Martwick: Our growing opioid problem is a symptom that is directly related to the slash and burn policies of the Rauner administration. It is no coincidence that opioid related addiction and deaths have increased at the same time that Rauner forced massive cuts to addiction treatment. In order to solve the problem we must reinvest in addiction treatment programs, education and job training programs. These are all proven to help reduce addiction problems and they work. We must also evaluate the big pharma practice of promoting the over prescribing of opioids and create best practice guidelines for doctors.

The Future Energy Jobs Act, passed in 2016, is generating job growth in renewable energy and improving energy efficiency. Do you agree or disagree with the objectives and substance of the Act? What more — or less — should be done?

Martwick: I supported the Future Energy Jobs Act and am proud to have the endorsement of the Sierra Club because of my advocacy for green initiatives. While I supported the legislation as a compromise I remain troubled that rate increases on the middle class and poor are being used to help clean up environmental problems caused by big polluters.

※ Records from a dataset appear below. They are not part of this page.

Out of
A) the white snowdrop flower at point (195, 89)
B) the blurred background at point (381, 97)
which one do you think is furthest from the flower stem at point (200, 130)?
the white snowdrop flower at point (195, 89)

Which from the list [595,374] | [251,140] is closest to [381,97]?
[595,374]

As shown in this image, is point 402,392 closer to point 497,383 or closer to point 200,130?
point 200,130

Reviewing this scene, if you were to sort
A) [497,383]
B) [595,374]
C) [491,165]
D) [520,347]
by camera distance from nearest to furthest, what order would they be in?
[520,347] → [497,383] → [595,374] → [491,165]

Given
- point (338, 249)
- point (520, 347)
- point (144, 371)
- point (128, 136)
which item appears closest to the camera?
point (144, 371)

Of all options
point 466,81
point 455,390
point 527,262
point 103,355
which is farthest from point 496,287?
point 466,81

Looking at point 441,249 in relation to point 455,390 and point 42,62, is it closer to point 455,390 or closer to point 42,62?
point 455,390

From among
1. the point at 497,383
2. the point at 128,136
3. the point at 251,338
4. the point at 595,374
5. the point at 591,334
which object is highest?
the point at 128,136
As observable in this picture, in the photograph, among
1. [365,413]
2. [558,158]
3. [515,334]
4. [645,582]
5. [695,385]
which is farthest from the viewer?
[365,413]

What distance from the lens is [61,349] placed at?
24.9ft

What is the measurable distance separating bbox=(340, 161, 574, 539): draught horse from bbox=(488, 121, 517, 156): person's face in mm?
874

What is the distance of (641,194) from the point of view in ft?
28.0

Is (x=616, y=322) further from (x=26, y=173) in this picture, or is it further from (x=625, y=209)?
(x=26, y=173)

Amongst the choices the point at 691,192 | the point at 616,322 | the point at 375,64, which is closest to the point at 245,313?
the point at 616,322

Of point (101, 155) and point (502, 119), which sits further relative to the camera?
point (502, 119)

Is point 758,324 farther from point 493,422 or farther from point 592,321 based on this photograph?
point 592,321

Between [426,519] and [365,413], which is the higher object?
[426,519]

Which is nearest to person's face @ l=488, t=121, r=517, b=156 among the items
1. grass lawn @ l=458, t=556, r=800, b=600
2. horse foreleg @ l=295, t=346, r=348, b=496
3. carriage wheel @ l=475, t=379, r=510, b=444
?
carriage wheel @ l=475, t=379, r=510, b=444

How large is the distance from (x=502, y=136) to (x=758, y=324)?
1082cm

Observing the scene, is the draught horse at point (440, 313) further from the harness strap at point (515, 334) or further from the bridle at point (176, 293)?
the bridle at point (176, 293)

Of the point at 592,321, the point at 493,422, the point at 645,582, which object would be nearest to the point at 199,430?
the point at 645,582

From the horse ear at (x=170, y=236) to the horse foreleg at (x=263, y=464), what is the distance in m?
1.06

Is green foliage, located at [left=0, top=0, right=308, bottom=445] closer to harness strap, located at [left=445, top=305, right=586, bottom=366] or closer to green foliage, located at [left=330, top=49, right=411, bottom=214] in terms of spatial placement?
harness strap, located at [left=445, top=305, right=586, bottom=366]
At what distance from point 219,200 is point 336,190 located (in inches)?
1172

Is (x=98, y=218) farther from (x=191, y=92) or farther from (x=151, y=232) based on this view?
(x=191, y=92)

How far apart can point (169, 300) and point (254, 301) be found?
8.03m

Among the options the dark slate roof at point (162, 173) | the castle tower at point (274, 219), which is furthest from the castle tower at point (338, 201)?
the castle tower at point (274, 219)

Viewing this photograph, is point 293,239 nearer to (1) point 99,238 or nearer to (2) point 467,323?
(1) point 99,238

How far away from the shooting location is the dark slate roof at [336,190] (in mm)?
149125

What would you do to ensure the long-term viability of the state’s Medicaid program? What is your view on managed care for Medicaid beneficiaries?

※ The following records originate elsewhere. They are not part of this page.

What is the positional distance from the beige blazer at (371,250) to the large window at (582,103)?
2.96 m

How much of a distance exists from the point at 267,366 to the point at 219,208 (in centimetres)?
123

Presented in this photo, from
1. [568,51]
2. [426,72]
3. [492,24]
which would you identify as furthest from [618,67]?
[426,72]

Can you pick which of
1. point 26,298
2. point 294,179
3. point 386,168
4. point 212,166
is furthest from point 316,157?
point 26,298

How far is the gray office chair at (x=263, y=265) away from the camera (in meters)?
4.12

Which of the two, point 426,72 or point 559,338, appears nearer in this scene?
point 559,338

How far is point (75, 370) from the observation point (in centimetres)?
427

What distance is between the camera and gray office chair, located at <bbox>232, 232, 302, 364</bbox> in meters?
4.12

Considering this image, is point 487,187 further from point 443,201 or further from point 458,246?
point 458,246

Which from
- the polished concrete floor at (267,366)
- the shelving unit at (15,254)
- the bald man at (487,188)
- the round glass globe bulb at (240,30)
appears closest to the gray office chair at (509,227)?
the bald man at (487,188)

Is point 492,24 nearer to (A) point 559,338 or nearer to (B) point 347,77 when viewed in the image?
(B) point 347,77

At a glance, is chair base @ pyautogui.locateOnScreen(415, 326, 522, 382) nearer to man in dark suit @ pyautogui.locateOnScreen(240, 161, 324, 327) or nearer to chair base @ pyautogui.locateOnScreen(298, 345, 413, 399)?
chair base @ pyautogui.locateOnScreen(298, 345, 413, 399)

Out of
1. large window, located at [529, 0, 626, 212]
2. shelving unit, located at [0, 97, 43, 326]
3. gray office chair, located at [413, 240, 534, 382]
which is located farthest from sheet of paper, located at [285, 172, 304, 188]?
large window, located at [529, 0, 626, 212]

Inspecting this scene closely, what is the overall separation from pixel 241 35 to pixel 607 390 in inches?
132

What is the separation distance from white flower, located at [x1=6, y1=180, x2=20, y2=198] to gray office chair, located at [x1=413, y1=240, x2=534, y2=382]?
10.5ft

Martwick: Controlling the growth of Medicaid costs is essential to the future financial health of the state. The idea behind managed care is to deliver effective services to medicaid patients while using modern business-based practices to make that delivery efficient and cost-saving.

However, the managed care experiment in Illinois has been nothing short of a disaster. Rauner’s unilateral changes to Medicaid administration resulted in every taxpayers worst fears of government: Sweetheart no-bid contracts that save no money, and yet cut essential services in order to provide huge profits to the companies that are supposed to be saving us money.

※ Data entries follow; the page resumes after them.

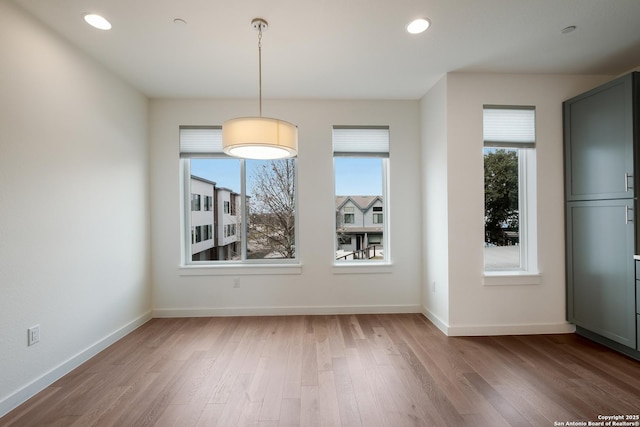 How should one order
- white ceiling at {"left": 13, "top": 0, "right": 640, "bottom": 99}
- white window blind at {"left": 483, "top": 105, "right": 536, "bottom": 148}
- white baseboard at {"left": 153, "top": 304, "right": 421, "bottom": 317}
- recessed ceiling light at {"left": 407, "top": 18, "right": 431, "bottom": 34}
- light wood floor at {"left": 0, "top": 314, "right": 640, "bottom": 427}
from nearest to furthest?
1. light wood floor at {"left": 0, "top": 314, "right": 640, "bottom": 427}
2. white ceiling at {"left": 13, "top": 0, "right": 640, "bottom": 99}
3. recessed ceiling light at {"left": 407, "top": 18, "right": 431, "bottom": 34}
4. white window blind at {"left": 483, "top": 105, "right": 536, "bottom": 148}
5. white baseboard at {"left": 153, "top": 304, "right": 421, "bottom": 317}

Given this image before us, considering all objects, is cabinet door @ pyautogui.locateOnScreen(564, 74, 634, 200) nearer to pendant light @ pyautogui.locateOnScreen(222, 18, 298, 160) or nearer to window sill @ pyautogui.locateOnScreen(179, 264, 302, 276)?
pendant light @ pyautogui.locateOnScreen(222, 18, 298, 160)

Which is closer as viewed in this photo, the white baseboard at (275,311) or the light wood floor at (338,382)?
the light wood floor at (338,382)

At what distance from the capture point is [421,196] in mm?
3713

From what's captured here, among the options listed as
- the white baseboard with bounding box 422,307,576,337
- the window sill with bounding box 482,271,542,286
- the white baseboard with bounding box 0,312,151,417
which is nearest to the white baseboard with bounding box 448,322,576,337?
the white baseboard with bounding box 422,307,576,337

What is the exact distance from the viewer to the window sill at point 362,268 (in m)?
3.68

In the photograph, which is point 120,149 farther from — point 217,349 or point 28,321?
point 217,349

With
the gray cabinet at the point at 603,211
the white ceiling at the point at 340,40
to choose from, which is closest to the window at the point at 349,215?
the white ceiling at the point at 340,40

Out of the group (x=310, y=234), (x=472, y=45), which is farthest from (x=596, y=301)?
(x=310, y=234)

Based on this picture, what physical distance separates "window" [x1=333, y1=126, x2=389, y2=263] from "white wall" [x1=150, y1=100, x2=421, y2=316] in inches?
5.5

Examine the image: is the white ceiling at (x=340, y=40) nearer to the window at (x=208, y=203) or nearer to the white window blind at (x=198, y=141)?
the white window blind at (x=198, y=141)

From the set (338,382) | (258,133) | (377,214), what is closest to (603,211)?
(377,214)

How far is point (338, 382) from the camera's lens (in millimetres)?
2176

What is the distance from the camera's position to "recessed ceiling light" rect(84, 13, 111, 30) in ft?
6.93

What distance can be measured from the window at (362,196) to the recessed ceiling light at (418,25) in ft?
4.90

This is government at its worst. While I remain open minded to the concept of managed care as a cost saving policy, it clearly has not worked for Illinois yet. We simply cannot just hand over control of Medicaid and hope that it works out. We need to create a system of approval and oversight to ensure that cost-saving measures actually save us money, without denying critical care.

Underfunding at the Department of Corrections has led to troubling findings by the auditor general that many inmates don’t receive services or opportunities for work while incarcerated. Is this a legitimate concern? What should the Legislature do?

Martwick: Illinois is broke. Every problem that costs the state money only makes our ability to pay down our debts or provide quality education for our children that much harder. Nearly every single elected official, Democrat or Republican, agrees that criminal justice reform is not only the most humane course of action, but it has the potential to save the state millions. Thankfully our approach has been holistic, from crime prevention, to reduced sentences for non-violent offenses, to reducing recidivism.

When an inmate is serving a sentence for a crime, the best thing we can do is try to ensure that upon his or her release, he becomes a productive member of our society and avoids going back to prison. The failure to properly fund prisons and the crisis it nearly caused were a direct result of the Rauner administrations failed budget policy. Research shows that investing in preventing recidivism is one of the best investments a state can make. We should re-invest so that we can reduce our prison population and save the state money.

Should the state restore the practice of parole for people sentenced to long terms? Why or why not?

Martwick: The state has a moral obligation to consider how our system of criminal justice affects the person incarcerated. However, we have an even greater obligation to consider how that system affects the victims of those crimes. Thankfully, this discussion has been plentiful as we have considered and acted on criminal justice reforms. I have supported measures that steer people away from crime, provide alternative sentences, and create opportunities for ex-offenders to find employment. I will consider changes to our parole as a part of that discussion, but I will demand that the concerns and needs of victims are considered before any changes are made.